Lokatorka - J.P. Delaney

Wydawnictwo Otwarte, Kraków 2017, Liczba stron: 416


"Ostatecznie zbudowałem miejsce tak sterylne i puste jak mauzoleum (...) Potem jednak uświadomiłem sobie, że w swoim szaleństwie niezamierzenie stworzyłem coś niezwykłego. Dom, który wymaga skrajnego poświęcenia od każdego, kto w nim zamieszka, lecz w zamian odpłaci za to poświęcenie po tysiąckroć. Niektórych ludzi (...) ten dom zniszczył. Ale innych, na przykład ciebie, uczynił silniejszymi"

Mieszkanie przy Folger Street 1 jest nadzwyczajne - nowocześnie zaaranżowane, z wieloma skomputeryzowanymi funkcjami. Idealnie "dostosowuje się" do potrzeb aktualnego lokatora; jednakże "chce" też coś w zamian. Jego ekscentryczny właściciel, Edward Monkford stawia kolejnym najemcom bardzo wysokie wymagania. Sprostać im próbuje Jane - kobieta po traumatycznych przejściach, która chce zacząć wszystko na nowo. Nowa lokatorka szybko odkrywa, że mieszkanie skrywa tajemnice. Szczególnie intryguje ją historia Emmy - poprzedniej lokatorki, która w zagadkowych okolicznościach zginęła na Folger Street 1. Co więcej, Jane łudząco przypomina Emmę nie tylko wyglądem; na nią również działa urok osobliwego właściciela mieszkania. A historia lubi się powtarzać...

"Lokatorka" to jedna z tych książek, po którą sięga się, ponieważ wszyscy ją czytają. Powieść zbiera świetne recenzje i jest szeroko reklamowana. Niedługo po światowej premierze podbiła listy bestsellerów w Stanach Zjednoczonych i Wielkiej Brytanii. W Polsce również od kilku tygodni okupuje pierwszą dziesiątkę najlepiej sprzedających się pozycji. Czy spełniła moje oczekiwania? Zdecydowanie tak! 

Powieść w 100% wpisuje się w przypisany jej gatunek - thriller psychologiczny. Akcja toczy się dwutorowo: poznajemy zarówno życie Jane, jak i w formie retrospekcji losy nieżyjącej już Emmy. Jest to ciekawy zabieg autora, który eksponuje nie tylko podobieństwo pomiędzy dwiema lokatorkami i ich relacjami z właścicielem mieszkania, ale również pozwala czytelnikowi na samodzielne składanie całej układanki i rozwiązywanie zagadki śmierci Emmy.

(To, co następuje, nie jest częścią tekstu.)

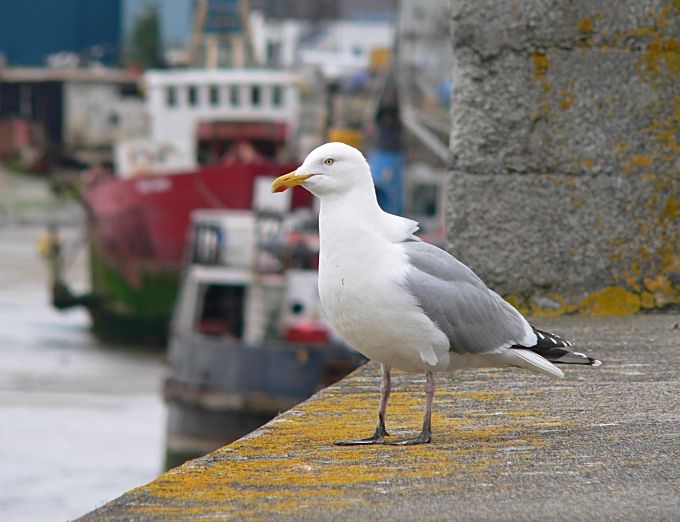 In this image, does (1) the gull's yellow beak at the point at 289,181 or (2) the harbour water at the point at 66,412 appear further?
(2) the harbour water at the point at 66,412

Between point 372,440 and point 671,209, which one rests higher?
point 671,209

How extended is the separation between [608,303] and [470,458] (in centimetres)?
189


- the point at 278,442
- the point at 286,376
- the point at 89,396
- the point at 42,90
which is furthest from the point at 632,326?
the point at 42,90

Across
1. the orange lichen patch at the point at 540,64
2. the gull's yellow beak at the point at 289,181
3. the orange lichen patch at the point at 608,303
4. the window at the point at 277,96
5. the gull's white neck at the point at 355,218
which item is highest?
the orange lichen patch at the point at 540,64

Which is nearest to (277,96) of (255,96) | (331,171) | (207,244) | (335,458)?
(255,96)

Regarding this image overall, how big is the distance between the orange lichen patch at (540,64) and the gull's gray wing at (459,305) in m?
1.41

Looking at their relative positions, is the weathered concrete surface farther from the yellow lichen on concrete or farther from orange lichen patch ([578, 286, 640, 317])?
orange lichen patch ([578, 286, 640, 317])

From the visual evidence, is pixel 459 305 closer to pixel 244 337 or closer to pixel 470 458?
pixel 470 458

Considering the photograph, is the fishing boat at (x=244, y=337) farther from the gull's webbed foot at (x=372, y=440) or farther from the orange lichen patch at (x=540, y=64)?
the gull's webbed foot at (x=372, y=440)

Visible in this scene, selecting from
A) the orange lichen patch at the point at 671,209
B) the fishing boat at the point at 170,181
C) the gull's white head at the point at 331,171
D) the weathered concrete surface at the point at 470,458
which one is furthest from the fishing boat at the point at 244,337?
the gull's white head at the point at 331,171

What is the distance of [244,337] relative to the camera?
19734 mm

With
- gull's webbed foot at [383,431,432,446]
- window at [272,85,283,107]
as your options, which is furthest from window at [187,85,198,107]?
gull's webbed foot at [383,431,432,446]

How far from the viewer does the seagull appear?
141 inches

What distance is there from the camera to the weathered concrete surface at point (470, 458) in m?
2.89
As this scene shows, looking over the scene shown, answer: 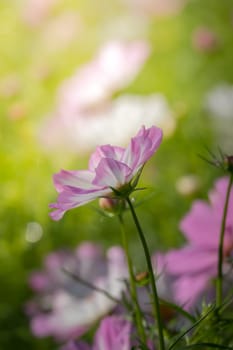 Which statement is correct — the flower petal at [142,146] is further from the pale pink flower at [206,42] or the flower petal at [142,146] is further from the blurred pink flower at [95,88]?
the pale pink flower at [206,42]

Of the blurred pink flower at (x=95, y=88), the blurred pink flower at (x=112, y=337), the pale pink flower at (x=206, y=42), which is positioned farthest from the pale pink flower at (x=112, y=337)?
the pale pink flower at (x=206, y=42)

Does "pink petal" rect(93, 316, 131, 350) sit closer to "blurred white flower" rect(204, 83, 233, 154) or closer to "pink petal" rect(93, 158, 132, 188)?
"pink petal" rect(93, 158, 132, 188)

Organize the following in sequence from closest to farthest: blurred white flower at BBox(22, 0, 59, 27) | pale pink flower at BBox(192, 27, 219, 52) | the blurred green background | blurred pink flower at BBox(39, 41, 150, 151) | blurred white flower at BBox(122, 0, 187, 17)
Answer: the blurred green background → blurred pink flower at BBox(39, 41, 150, 151) → pale pink flower at BBox(192, 27, 219, 52) → blurred white flower at BBox(22, 0, 59, 27) → blurred white flower at BBox(122, 0, 187, 17)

Tym bardziej, że Delaney nie szczędzi w opisach przeżyć obu pań; dostajemy na tacy cały wachlarz towarzyszących im emocji. 

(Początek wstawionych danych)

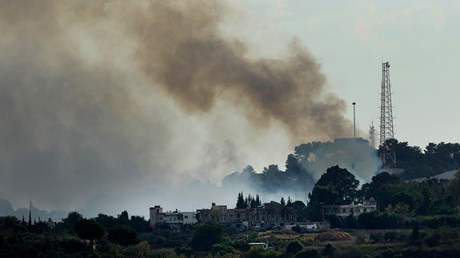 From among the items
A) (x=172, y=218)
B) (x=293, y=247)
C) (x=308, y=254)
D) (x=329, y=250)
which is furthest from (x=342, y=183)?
(x=308, y=254)

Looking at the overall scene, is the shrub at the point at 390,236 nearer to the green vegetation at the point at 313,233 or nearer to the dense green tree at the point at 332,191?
the green vegetation at the point at 313,233

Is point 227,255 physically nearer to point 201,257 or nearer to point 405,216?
point 201,257

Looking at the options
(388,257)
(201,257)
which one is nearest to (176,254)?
(201,257)

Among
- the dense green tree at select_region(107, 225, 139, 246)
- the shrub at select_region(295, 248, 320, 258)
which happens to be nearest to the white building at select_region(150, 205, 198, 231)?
the dense green tree at select_region(107, 225, 139, 246)

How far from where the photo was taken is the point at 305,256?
131m

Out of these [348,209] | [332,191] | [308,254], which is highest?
[332,191]

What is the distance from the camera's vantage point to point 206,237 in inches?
5689

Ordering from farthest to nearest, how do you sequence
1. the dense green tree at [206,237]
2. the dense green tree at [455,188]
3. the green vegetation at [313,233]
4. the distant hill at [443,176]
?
the distant hill at [443,176] → the dense green tree at [455,188] → the dense green tree at [206,237] → the green vegetation at [313,233]

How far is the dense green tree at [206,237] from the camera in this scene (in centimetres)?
14299

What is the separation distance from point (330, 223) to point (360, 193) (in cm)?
1906

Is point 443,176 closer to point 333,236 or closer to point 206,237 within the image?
point 333,236

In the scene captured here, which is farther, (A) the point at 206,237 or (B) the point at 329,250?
(A) the point at 206,237

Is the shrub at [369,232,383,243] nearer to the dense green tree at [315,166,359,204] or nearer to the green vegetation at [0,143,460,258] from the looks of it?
the green vegetation at [0,143,460,258]

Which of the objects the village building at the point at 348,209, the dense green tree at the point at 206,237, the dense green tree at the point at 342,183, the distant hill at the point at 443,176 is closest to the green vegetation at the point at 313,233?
the dense green tree at the point at 342,183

Tego samego nie można jednak powiedzieć o kolejnym ważnym bohaterze - właścicielu mieszkania, Edwardzie Monkfordzie. Mężczyzna jest powściągliwy, kategoryczny, nie lubi opowiadać o sobie i swoim życiu. Autor nie skupia się również na jego uczuciach. Dlaczego zatem, po przeczytaniu powieści czytelnik odnosi wrażenie, że dobrze poznał tego bohatera? Odpowiedź jest prosta: ponieważ dobrze poznał mieszkanie przy Folger Street 1 i stawiane lokatorom wymagania. Prosty, lecz jednocześnie monumentalny wystrój mieszkania, panujący w nim ład i cyfryzacja wszelkich funkcji oddają w pełni charakter jego właściciela. Edward Monkford jest tak ekscentryczny i enigmatyczny, jak zaprojektowane przez niego lokum. Opisy Folger Street 1 stanowią ważny element powieści i zachwycają swą precyzją. Co ciekawe, autor książki wcale nie jest architektem, czy też projektantem wnętrz. Lubi jednak podróżować w poszukiwaniu smaków świata, czemu w "Lokatorce" dał wyraz - wszak Edward Monkford również jest smakoszem. 

Co w tej książce autorowi nie wyszło? Chyba punkt kulminacyjny. Ja osobiście na dość długo przed odkryciem wszystkich kart domyśliłam się, kto jest mordercą Emmy. Zdradziły go drobne szczegóły i psychologia samej postaci. Co nie zmieniło faktu, że samo zakończenie powieści było dla mnie zaskakujące. Okazało się, że nie tylko Edward Monkford miał tajemnicę i dar owijania sobie innych wokół palca. 

Uwielbiam thrillery psychologiczne, a "Lokatorka" mnie nie zawiodła. Myślę, że zasługuje na swoją wysoką pozycję na liście bestsellerów. Ci, którzy lubią zagłębiać się głęboko w umysły książkowych bohaterów, znajdować tzw. trupy w szafie i poczuć nutkę erotyki również się nie rozczarują!